• _REQUIRED WORK_
Set down the data below in full, exactly as it reads, but without the pictures.

***

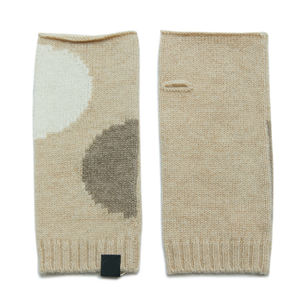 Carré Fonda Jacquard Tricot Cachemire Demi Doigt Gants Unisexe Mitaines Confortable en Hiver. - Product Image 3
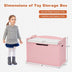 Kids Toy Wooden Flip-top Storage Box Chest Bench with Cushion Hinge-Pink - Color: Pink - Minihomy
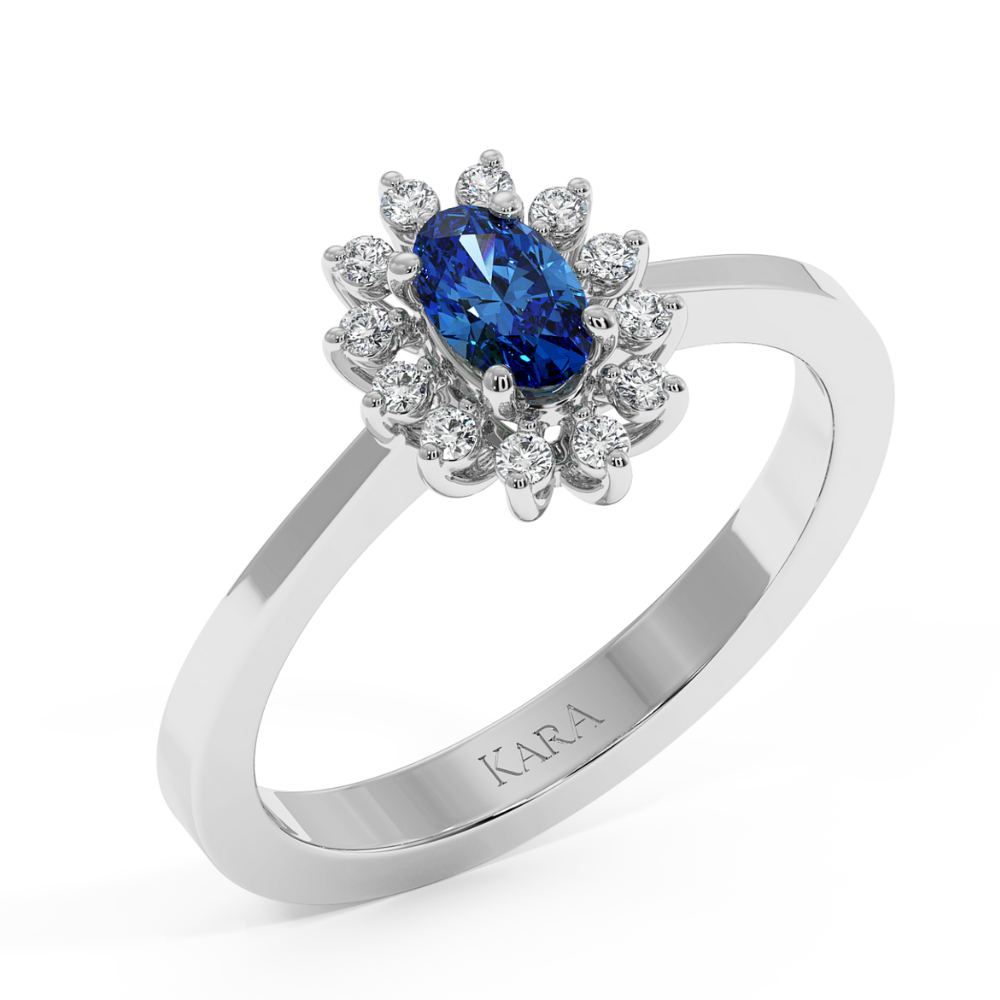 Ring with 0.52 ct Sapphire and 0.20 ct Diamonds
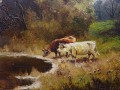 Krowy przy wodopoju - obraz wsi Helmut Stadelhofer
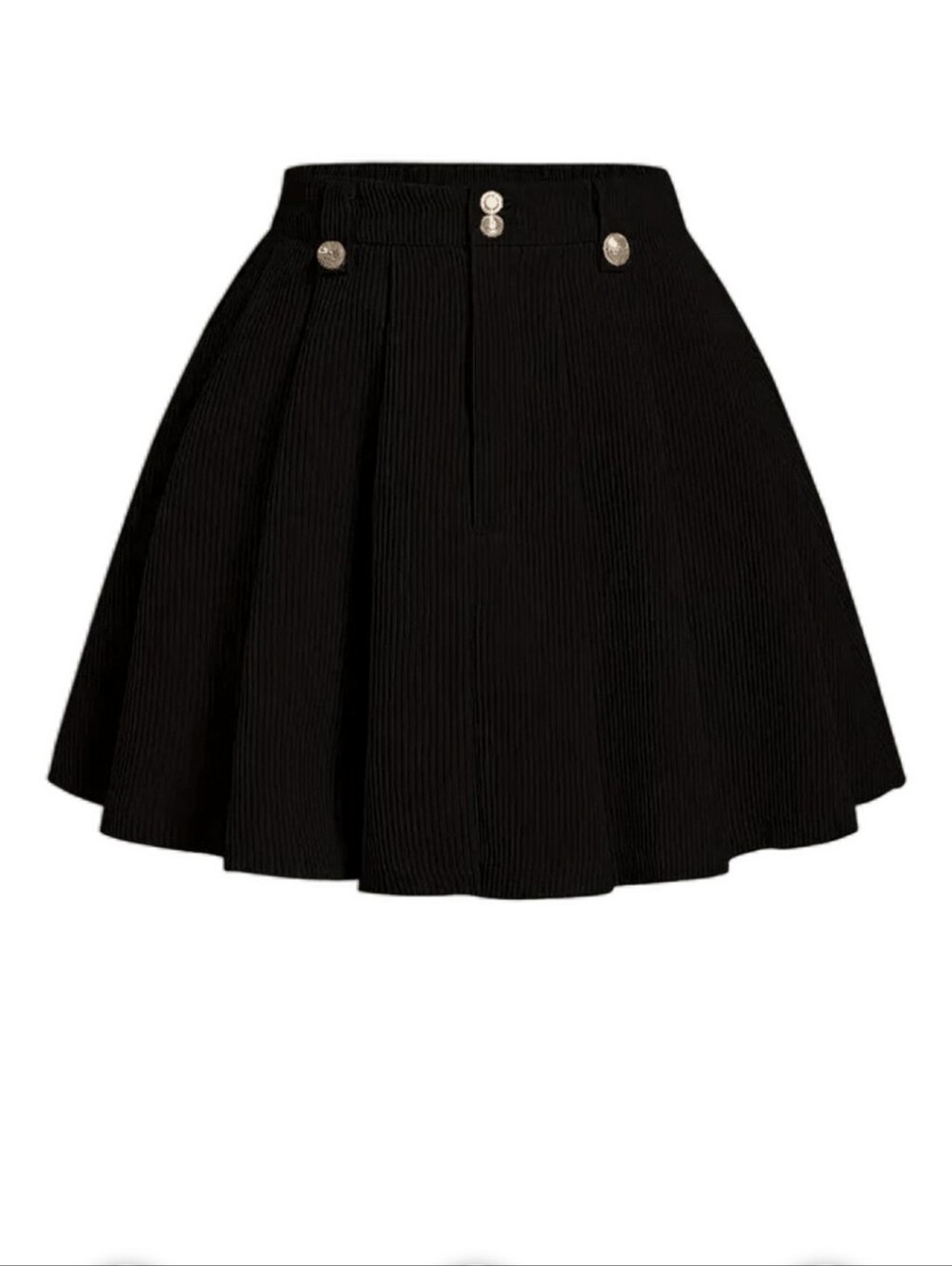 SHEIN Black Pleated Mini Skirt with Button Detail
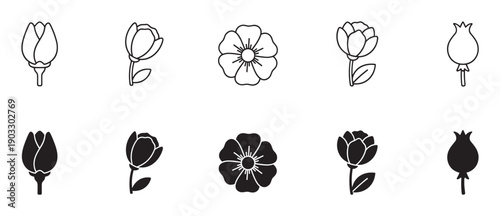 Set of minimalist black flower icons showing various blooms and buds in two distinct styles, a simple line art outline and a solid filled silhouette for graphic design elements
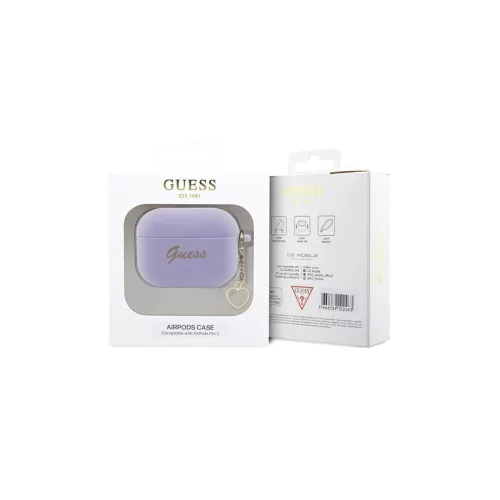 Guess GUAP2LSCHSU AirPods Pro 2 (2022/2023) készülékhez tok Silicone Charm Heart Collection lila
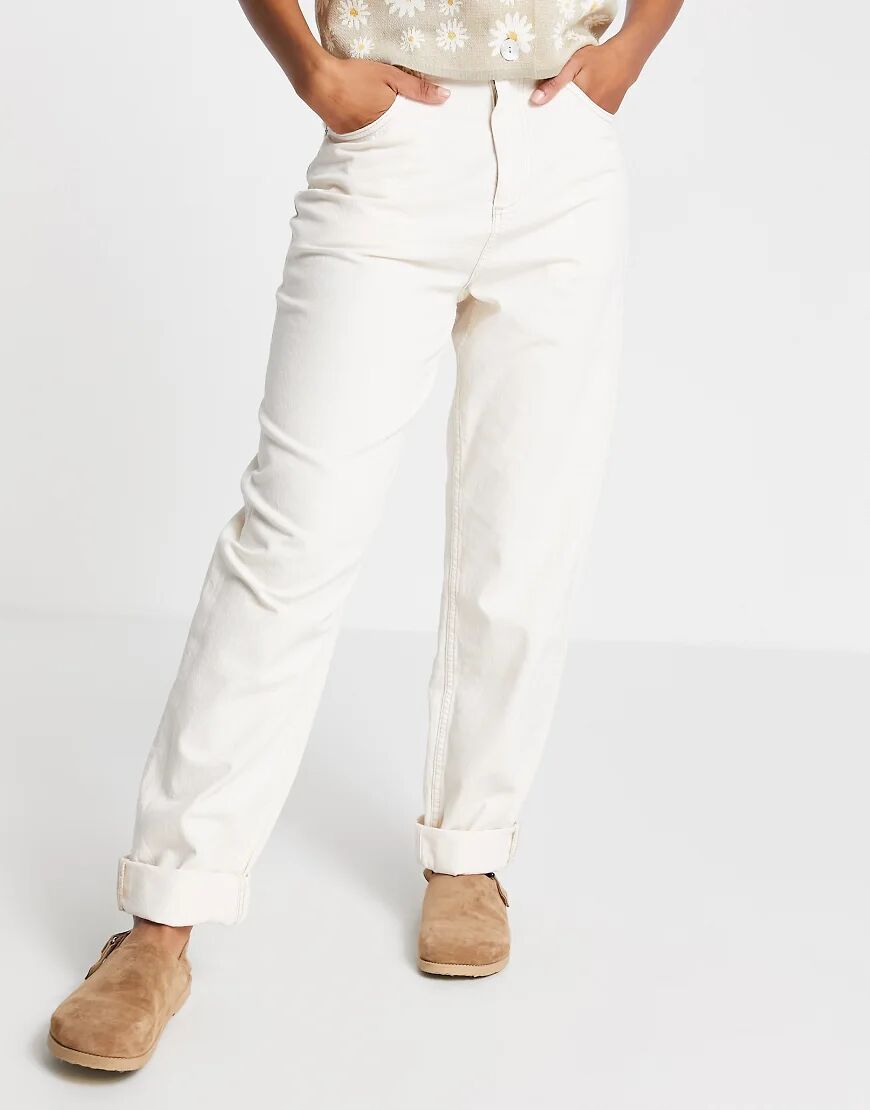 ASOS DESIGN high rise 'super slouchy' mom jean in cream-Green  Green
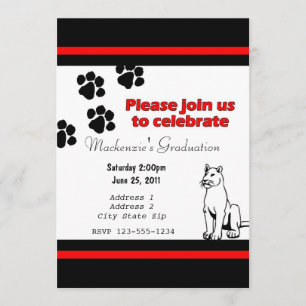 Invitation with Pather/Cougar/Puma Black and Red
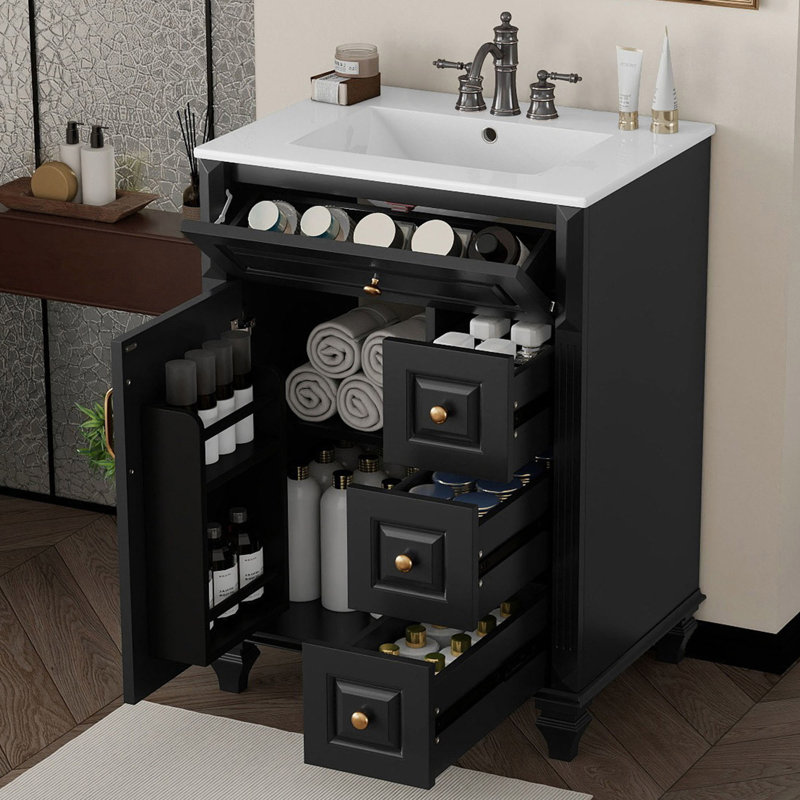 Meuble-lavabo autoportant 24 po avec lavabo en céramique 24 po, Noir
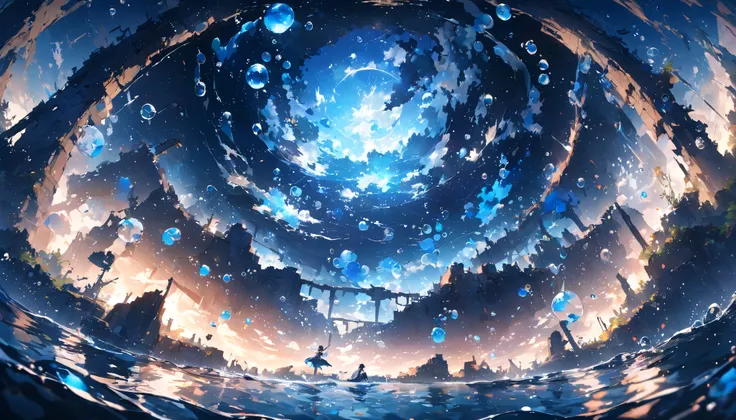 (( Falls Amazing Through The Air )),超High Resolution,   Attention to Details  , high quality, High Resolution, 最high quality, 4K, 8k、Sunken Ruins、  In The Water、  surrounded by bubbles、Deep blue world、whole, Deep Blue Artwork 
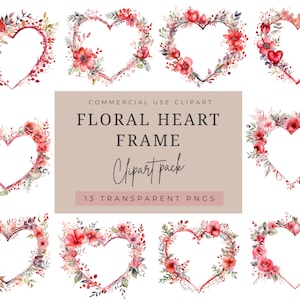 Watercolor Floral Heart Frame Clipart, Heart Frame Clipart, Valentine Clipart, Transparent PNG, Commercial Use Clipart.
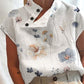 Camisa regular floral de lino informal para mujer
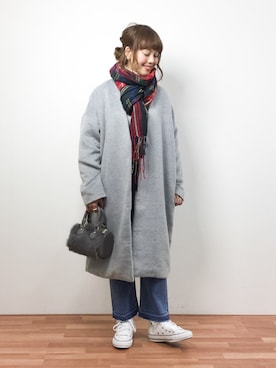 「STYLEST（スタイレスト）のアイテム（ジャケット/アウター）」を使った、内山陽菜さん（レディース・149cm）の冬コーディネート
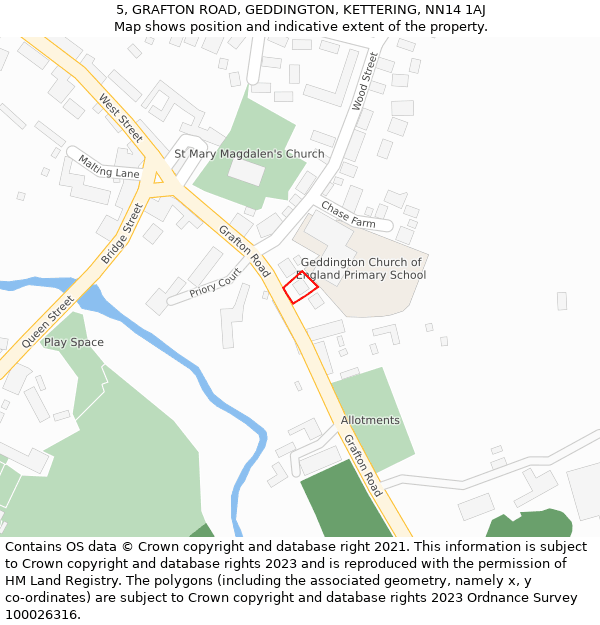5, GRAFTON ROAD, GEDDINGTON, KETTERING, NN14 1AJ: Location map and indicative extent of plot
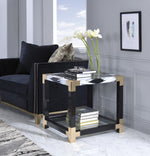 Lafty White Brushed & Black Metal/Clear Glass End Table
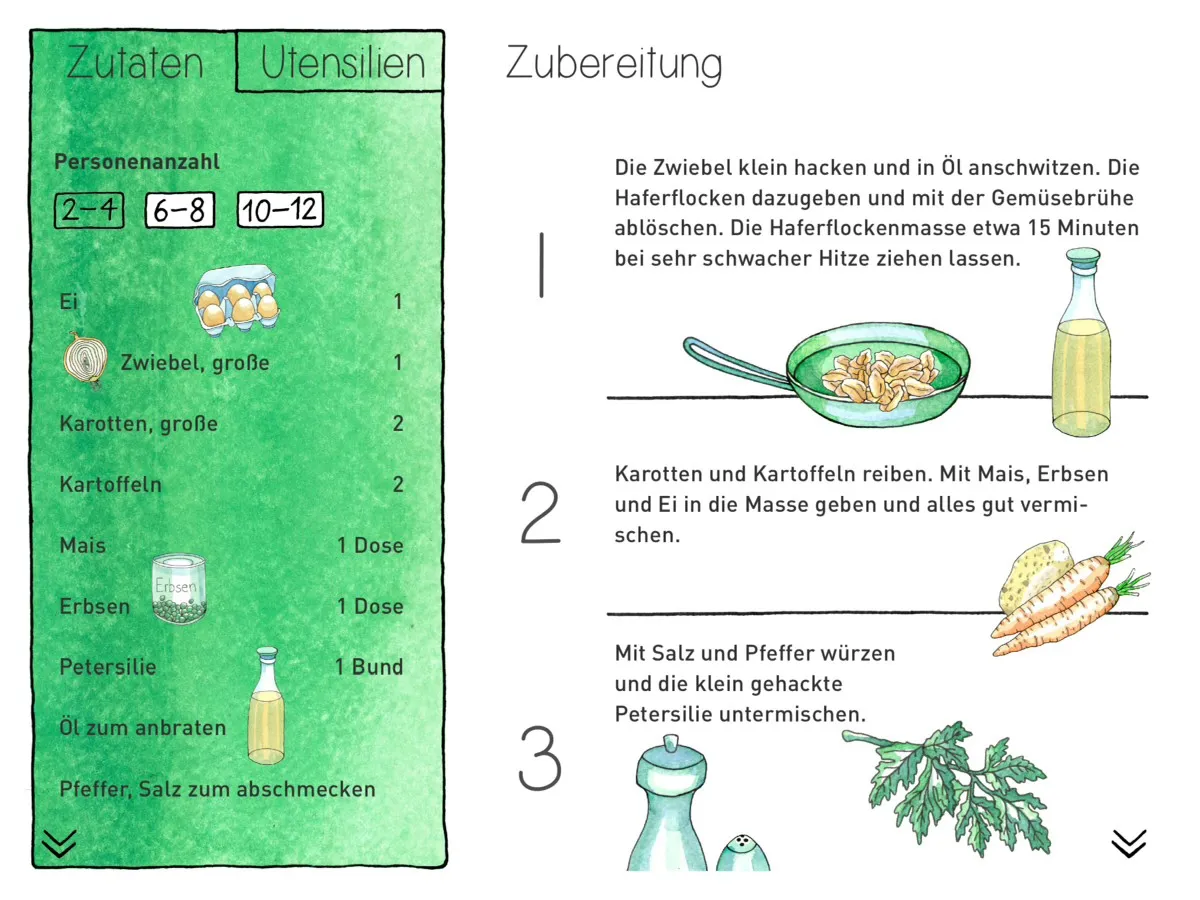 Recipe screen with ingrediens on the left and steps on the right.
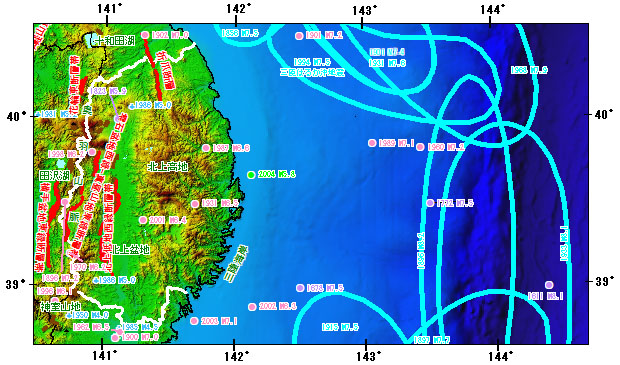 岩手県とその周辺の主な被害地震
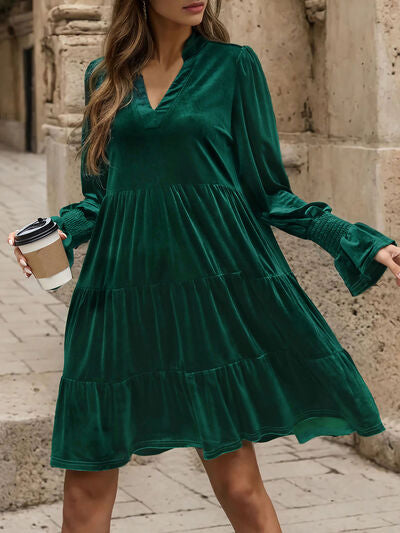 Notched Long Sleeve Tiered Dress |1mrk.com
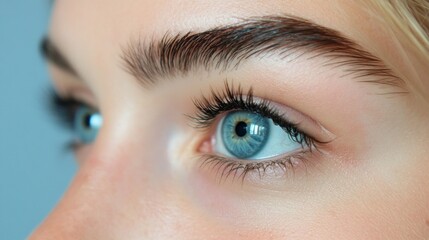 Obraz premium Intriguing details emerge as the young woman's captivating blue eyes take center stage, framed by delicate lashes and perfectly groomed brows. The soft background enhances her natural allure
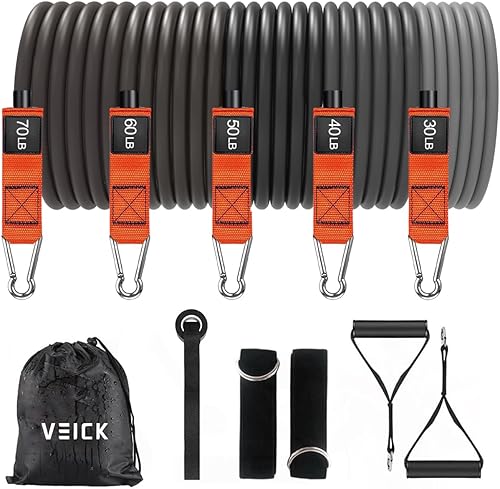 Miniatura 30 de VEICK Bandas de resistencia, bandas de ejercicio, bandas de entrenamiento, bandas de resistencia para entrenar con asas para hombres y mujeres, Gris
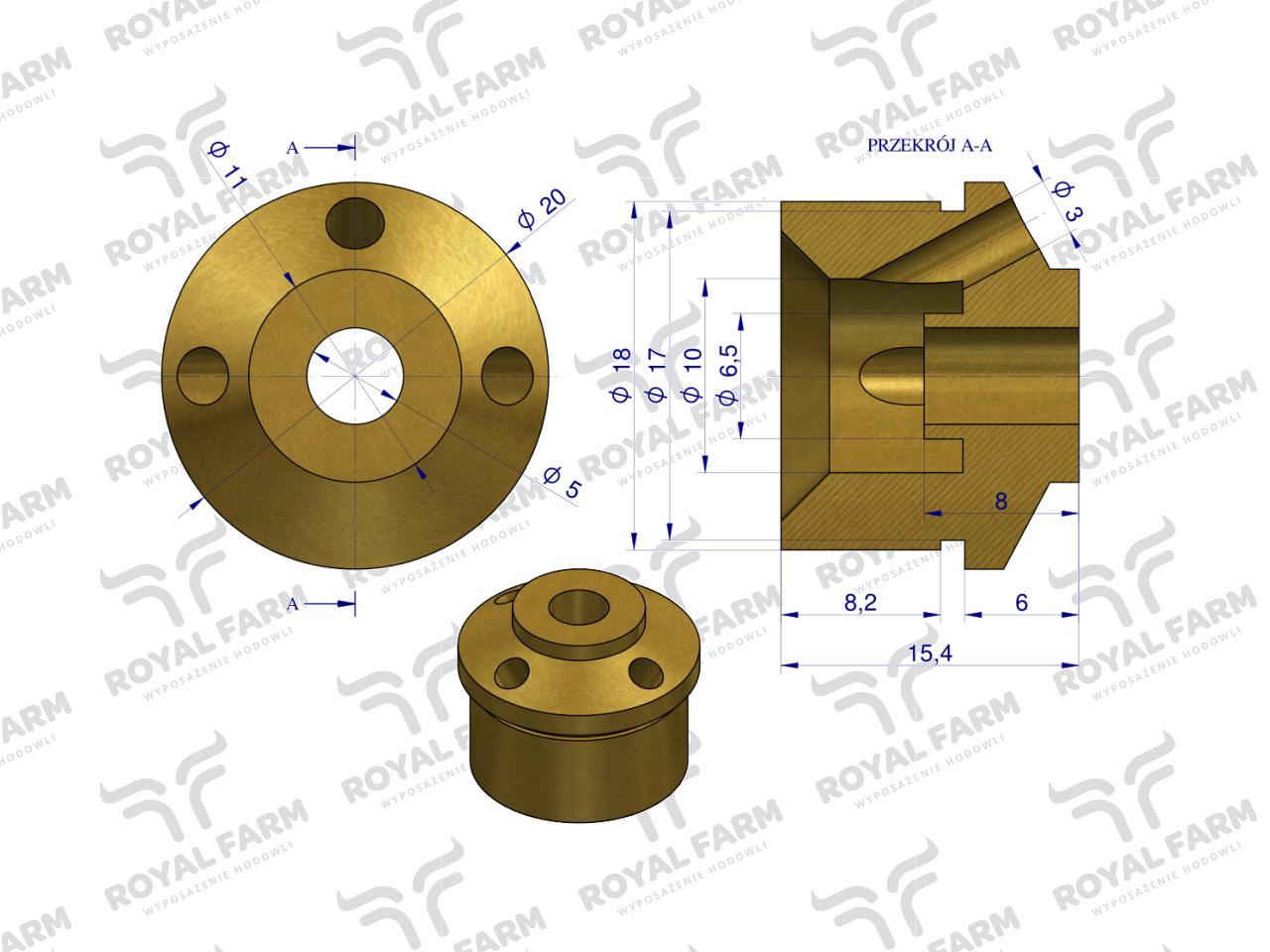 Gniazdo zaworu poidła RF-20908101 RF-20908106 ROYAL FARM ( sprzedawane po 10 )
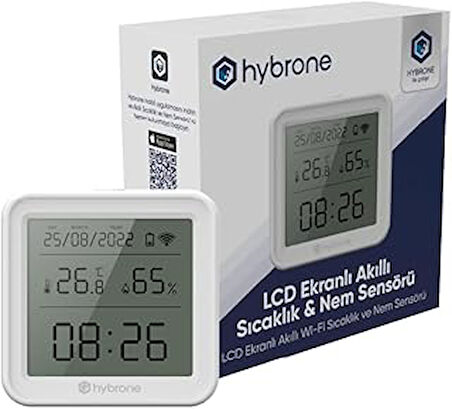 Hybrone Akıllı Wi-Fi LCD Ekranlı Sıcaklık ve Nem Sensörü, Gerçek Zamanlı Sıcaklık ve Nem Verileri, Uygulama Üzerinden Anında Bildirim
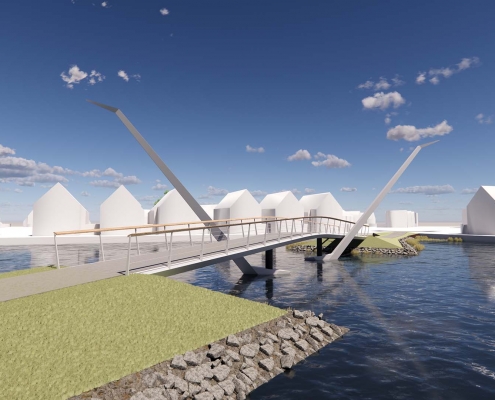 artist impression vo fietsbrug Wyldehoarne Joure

***

• _TASK RESULT_
 Carré Fonda Jacquard Tricot Cachemire Demi Doigt Gants Unisexe Mitaines Confortable en Hiver. - Product Image 3
 Kids Toy Wooden Flip-top Storage Box Chest Bench with Cushion Hinge-Pink - Color: Pink - Minihomy
 Ring with 0.52 ct Sapphire and 0.20 ct Diamonds
 Krowy przy wodopoju - obraz wsi Helmut Stadelhofer
 SHEIN Black Pleated Mini Skirt with Button Detail
 Set of minimalist black flower icons showing various blooms and buds in two distinct styles, a simple line art outline and a solid filled silhouette for graphic design elements
 Guess GUAP2LSCHSU AirPods Pro 2 (2022/2023) készülékhez tok Silicone Charm Heart Collection lila
 ASOS DESIGN high rise 'super slouchy' mom jean in cream-Green  Green
 Invitation with Pather/Cougar/Puma Black and Red
 Meuble-lavabo autoportant 24 po avec lavabo en céramique 24 po, Noir
 (( Falls Amazing Through The Air )),超High Resolution,   Attention to Details  , high quality, High Resolution, 最high quality, 4K, 8k、Sunken Ruins、  In The Water、  surrounded by bubbles、Deep blue world、whole, Deep Blue Artwork 
 Watercolor Floral Heart Frame Clipart, Heart Frame Clipart, Valentine Clipart, Transparent PNG, Commercial Use Clipart.
 Camisa regular floral de lino informal para mujer
 「STYLEST（スタイレスト）のアイテム（ジャケット/アウター）」を使った、内山陽菜さん（レディース・149cm）の冬コーディネート
5, GRAFTON ROAD, GEDDINGTON, KETTERING, NN14 1AJ: Location map and indicative extent of plot
 Lafty White Brushed & Black Metal/Clear Glass End Table
 Recipe screen with ingrediens on the left and steps on the right.
 岩手県とその周辺の主な被害地震
 Notched Long Sleeve Tiered Dress |1mrk.com
 Obraz premium Intriguing details emerge as the young woman's captivating blue eyes take center stage, framed by delicate lashes and perfectly groomed brows. The soft background enhances her natural allure
 Miniatura 30 de VEICK Bandas de resistencia, bandas de ejercicio, bandas de entrenamiento, bandas de resistencia para entrenar con asas para hombres y mujeres, Gris
 Gniazdo zaworu poidła RF-20908101 RF-20908106 ROYAL FARM ( sprzedawane po 10 )
 Hybrone Akıllı Wi-Fi LCD Ekranlı Sıcaklık ve Nem Sensörü, Gerçek Zamanlı Sıcaklık ve Nem Verileri, Uygulama Üzerinden Anında Bildirim
 artist impression vo fietsbrug Wyldehoarne Joure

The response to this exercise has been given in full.